Seamos Iglesia de Jesús, que busca incansablemente a los más alejados, heridos, perdidos, rotos de la vida, sin temor a dejar la seguridad de las 99 justas que nunca se perdieron ni causan revuelo. Seamos rebaño que no se queda en la comodidad, sino que  junto con su Pastor amoroso sale a buscar a la oveja que se perdió porque nos duele, porque no es lo mismo celebrar con ella que sin ella, porque sabemos que el mejor lugar es con Jesús, nuestro Pastor bueno. Seamos mujer que barre cuidadosamente la casa para encontrar la moneda, porque ésta es valiosa, es importante para ella, la necesita para vivir. Iglesia obsesionada por salir a buscar a los heridos porque son hermanos y hermanas.
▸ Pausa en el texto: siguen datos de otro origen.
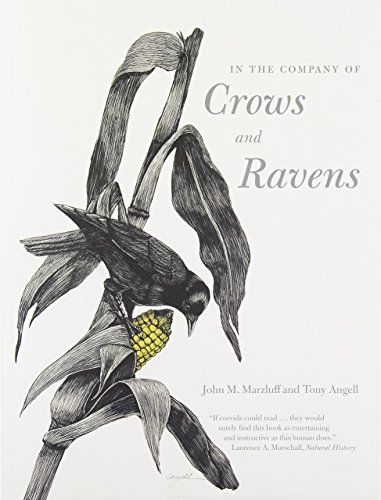 In the Company of Crows and Ravens by John M Marzluff (23-Mar-2007) Paperback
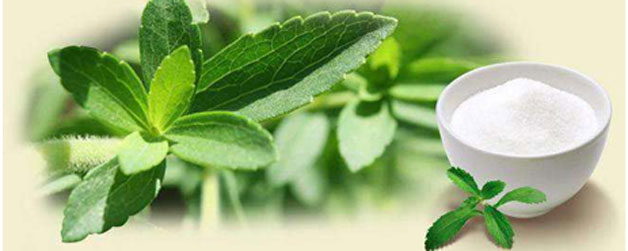 ¿Sabemos qué es la stevia?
Ellas y ellos tienen que saberlo y sentirlo: ‘¡no te define tu pecado ni tu herida! ¡Sos hijo del Padre y hermano mío!’ ¡Qué hermosa una comunidad, un grupo, una Iglesia así!
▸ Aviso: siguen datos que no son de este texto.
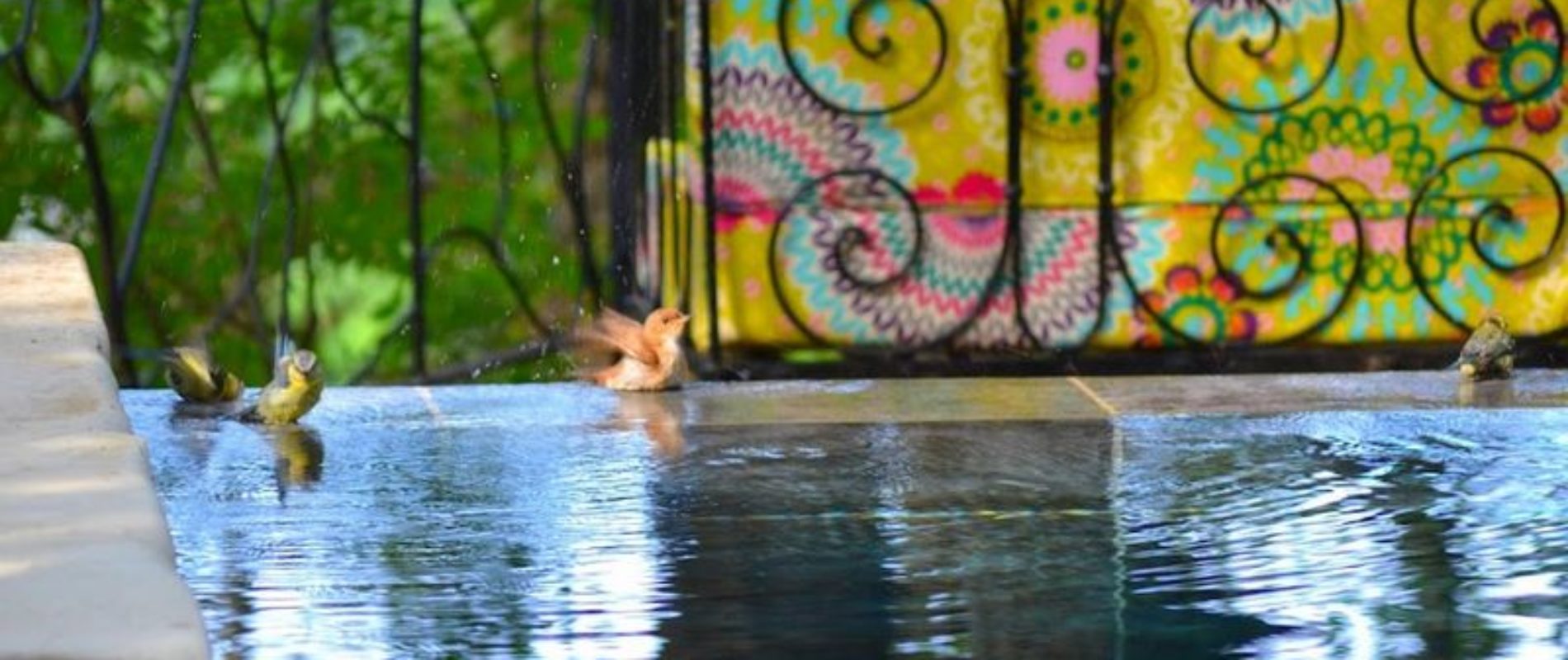 oiseaux dans l'abreuvoir piscine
¡Ay, Jesús, qué bien nos hablaste de tu Papá! “Alégrense conmigo”, nos dice este Dios Pastor, mujer, Padre que ve de lejos. El más alegre y feliz, el que suplica compartamos su alegría, por el encuentro, regreso y la conversión, es tu Padre Dios; pero el que se duele por la división de los hermanos, por los dones malgastados, las heridas causadas, y por la negativa a celebrar, también es Él. Imagino que ninguno de tus oyentes volvió a su casa igual ese día. Todos, hijos menores y mayores, pecadores y fariseos, se fueron con un nudo en la garganta después de escuchar tanto amor del Padre en tu voz. La semilla, la más fecunda y prometedora había sido sembrada, la maduraste en el silencio contemplativo con el Padre y la arrojaste para todos, y maduró y dio fruto. Pero pronto apareció la ley de entonces -y los medios de ahora- a sembrar cizaña y división, sofocar el Reino, a enfrentar en bandos de buenos y malos, justos e injustos, los tuyos y los míos. Después de esa parábola nada volvió a ser igual para ninguno, tampoco para vos, Jesús. Hoy nos pasa lo mismo, Señor, nos enamora tu Padre pero rapidito le ponemos límite y justificamos nuestra mediocridad. 

Te pido perdón porque yo también malgasto todo los dones que me das. A mí también me cuesta un Dios tan increíblemente amoroso, que recibe y come con todos. Es demasiado, Jesús. Ayudame a conocerte más y a parecerme más a ustedes. Quiero ser parte de la fiesta, de la mesa y de ese abrazo, el que no se le niega a nadie que quiere intentarlo una vez más. Creá en mí un corazón puro, para ser yo también fiesta, mesa y abrazo para los más heridos, mis hermanos.